## YOUR ASSIGNMENT
Filter the material below down to the lines containing the word "image".

*** Block opens ***

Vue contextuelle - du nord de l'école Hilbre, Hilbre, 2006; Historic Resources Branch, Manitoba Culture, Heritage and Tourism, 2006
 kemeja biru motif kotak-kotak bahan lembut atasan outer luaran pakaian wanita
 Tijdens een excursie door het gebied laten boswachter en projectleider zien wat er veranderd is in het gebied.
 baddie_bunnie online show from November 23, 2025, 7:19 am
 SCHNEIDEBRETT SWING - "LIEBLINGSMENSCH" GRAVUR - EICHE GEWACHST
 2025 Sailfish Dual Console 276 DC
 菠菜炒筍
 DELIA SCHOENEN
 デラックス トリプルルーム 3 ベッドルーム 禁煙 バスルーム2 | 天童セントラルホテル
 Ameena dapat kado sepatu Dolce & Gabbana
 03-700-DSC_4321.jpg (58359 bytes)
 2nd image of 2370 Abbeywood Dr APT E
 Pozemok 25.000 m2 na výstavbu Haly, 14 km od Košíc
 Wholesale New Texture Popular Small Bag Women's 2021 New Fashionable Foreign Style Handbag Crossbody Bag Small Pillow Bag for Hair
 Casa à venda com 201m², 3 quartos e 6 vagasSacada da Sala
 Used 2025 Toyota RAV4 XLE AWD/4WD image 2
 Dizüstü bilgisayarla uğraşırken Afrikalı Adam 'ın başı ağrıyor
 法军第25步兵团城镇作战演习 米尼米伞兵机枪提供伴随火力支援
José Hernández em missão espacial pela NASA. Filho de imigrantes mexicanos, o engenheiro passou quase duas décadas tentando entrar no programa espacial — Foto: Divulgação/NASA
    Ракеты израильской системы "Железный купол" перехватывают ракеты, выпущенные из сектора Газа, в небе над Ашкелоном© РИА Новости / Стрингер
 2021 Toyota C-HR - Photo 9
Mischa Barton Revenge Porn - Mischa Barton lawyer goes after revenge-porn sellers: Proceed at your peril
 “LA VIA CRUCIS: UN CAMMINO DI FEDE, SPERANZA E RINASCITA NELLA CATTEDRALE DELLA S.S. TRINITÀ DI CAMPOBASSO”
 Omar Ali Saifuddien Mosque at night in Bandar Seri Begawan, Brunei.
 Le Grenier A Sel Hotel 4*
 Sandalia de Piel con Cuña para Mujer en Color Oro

*** Block closes ***

## TASK ANSWER
 2nd image of 2370 Abbeywood Dr APT E
 Used 2025 Toyota RAV4 XLE AWD/4WD image 2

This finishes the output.